__EXERCISE DIRECTIONS__:
Lines from the one containing "What to do if" through the last line of the records below need to be repeated exactly; nothing else, and no pictures.

***** MATERIAL SUPPLIED *****

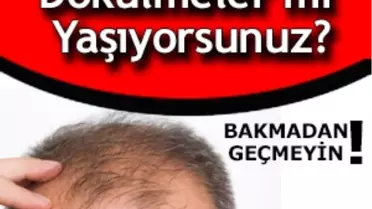 Saç Ekimi Hakkında Tüm Gerçekler


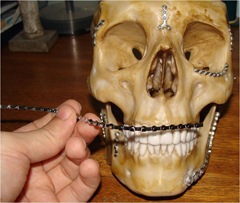 cranionac7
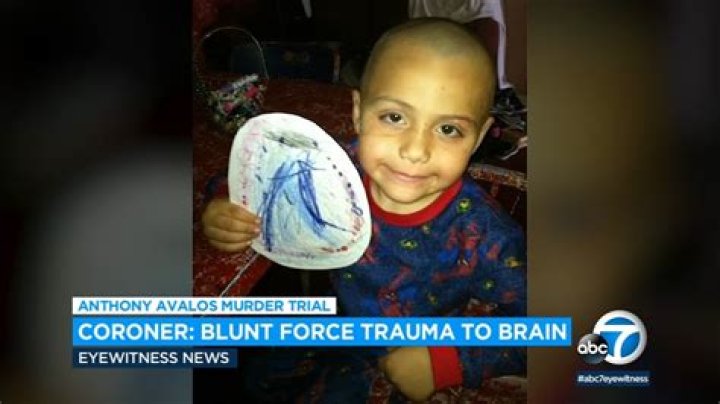 Anthony Avalos death Coroner testifies that 10yearold's brain showed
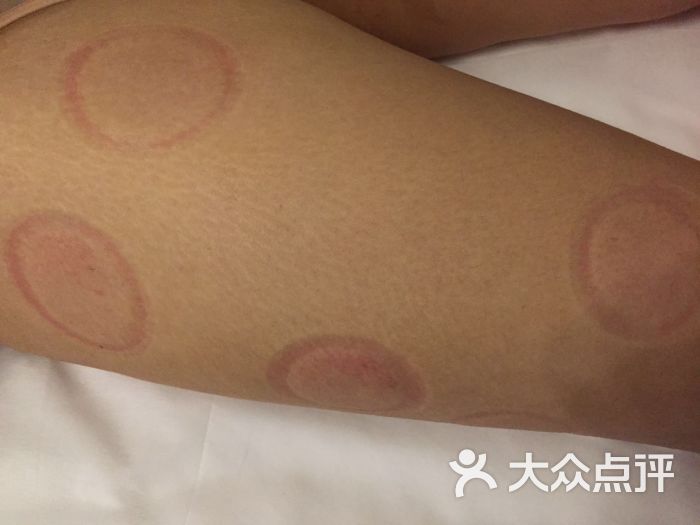 女人胳膊拔火罐位置图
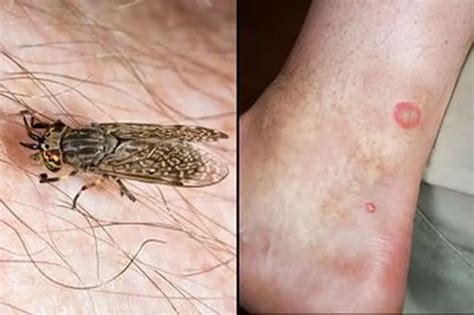 What to do if you get bitten or stung by bees, wasps, ticks, horseflies and other common insects ...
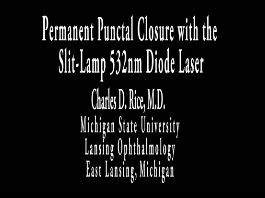 Cornée, Pathologies externes - Fermeture permanente des canaux lacrimaux avec une lampe à fente diode laser (532-nm)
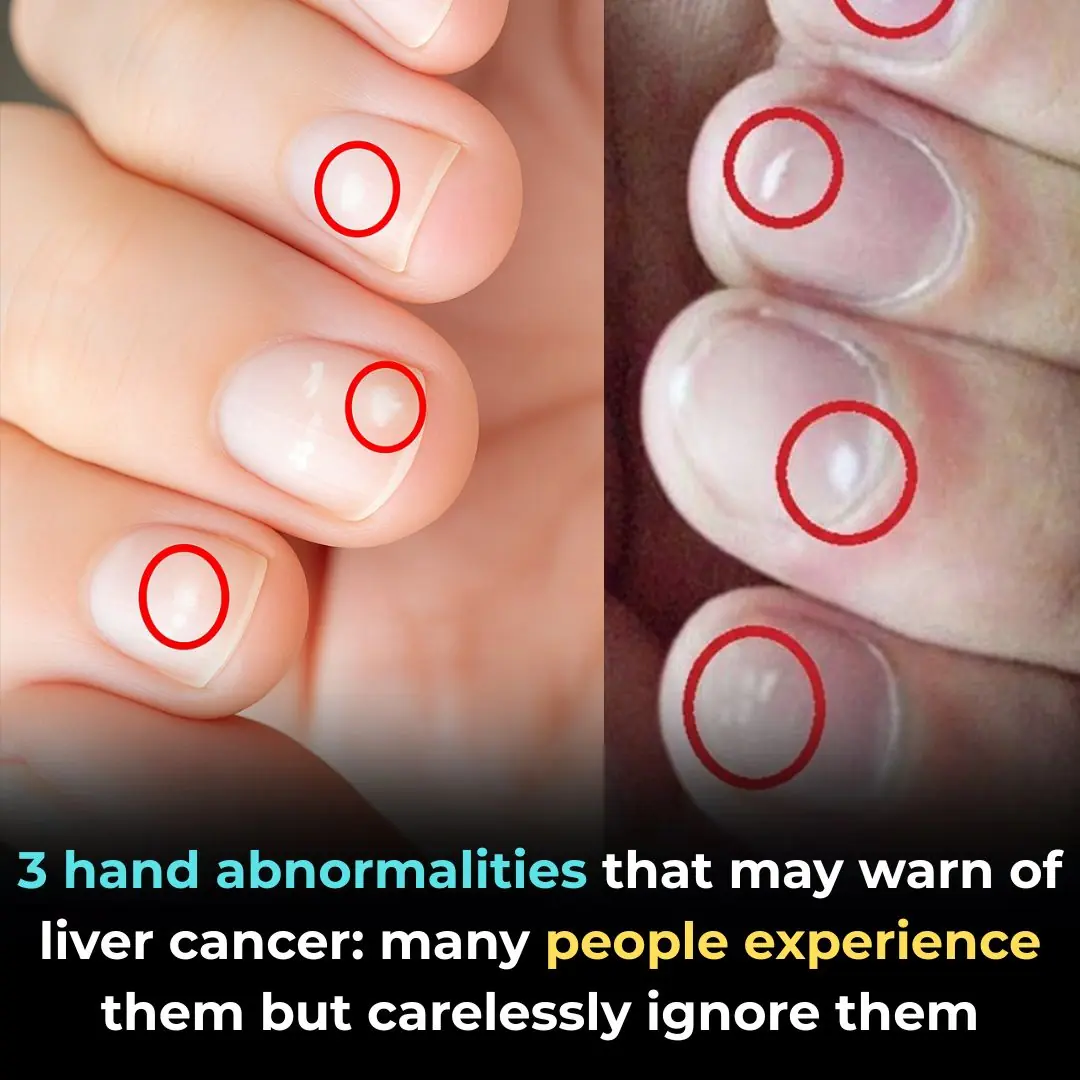 3 Unusual Signs on Your Hands That Could Signal Liver Cancer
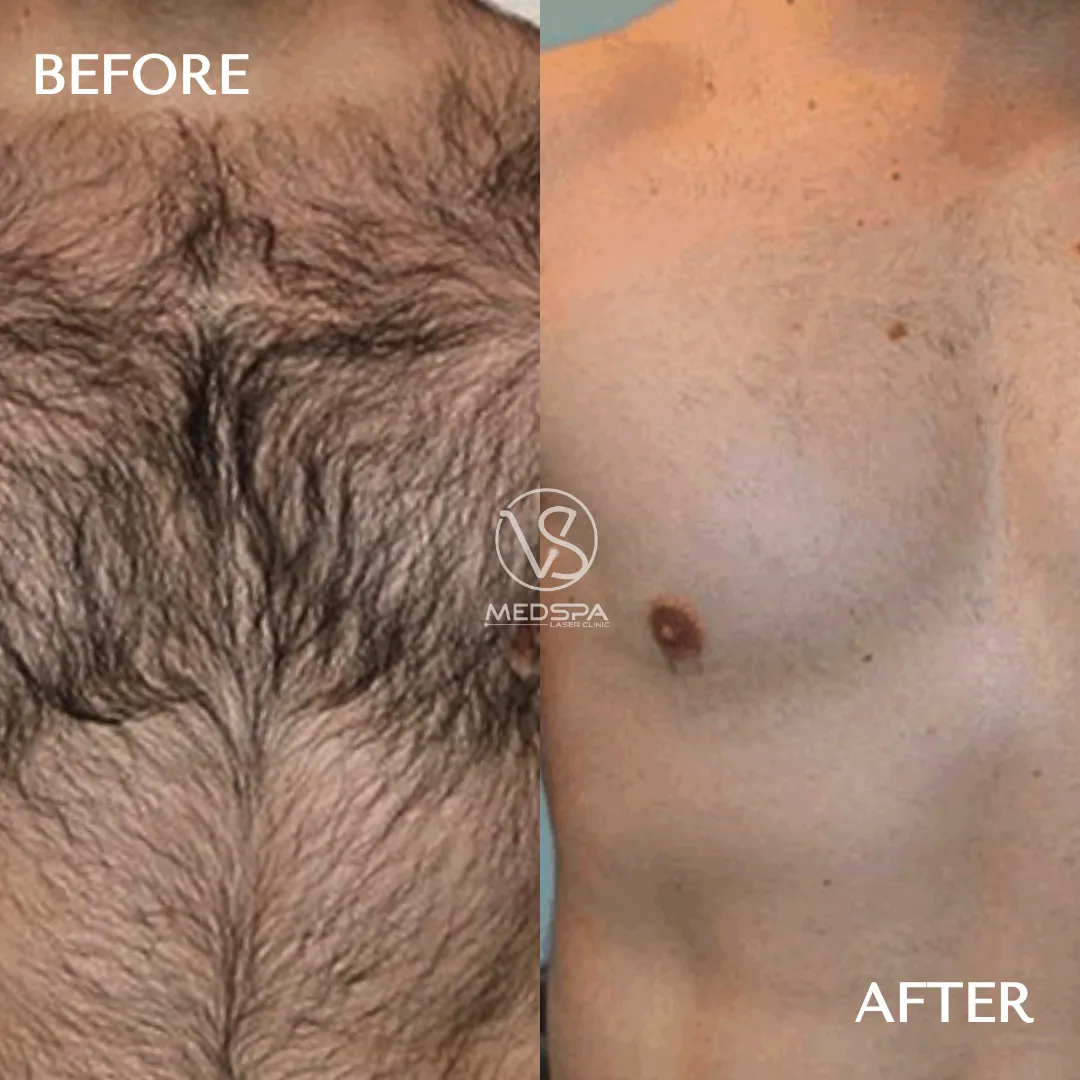 VS MedSpa full body laser hair removal before and after chest VS MedSpa full body laser hair removal before and after chest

*****

__EXPECTED OUTPUT__:
 What to do if you get bitten or stung by bees, wasps, ticks, horseflies and other common insects ...
 Cornée, Pathologies externes - Fermeture permanente des canaux lacrimaux avec une lampe à fente diode laser (532-nm)
 3 Unusual Signs on Your Hands That Could Signal Liver Cancer
 VS MedSpa full body laser hair removal before and after chest VS MedSpa full body laser hair removal before and after chest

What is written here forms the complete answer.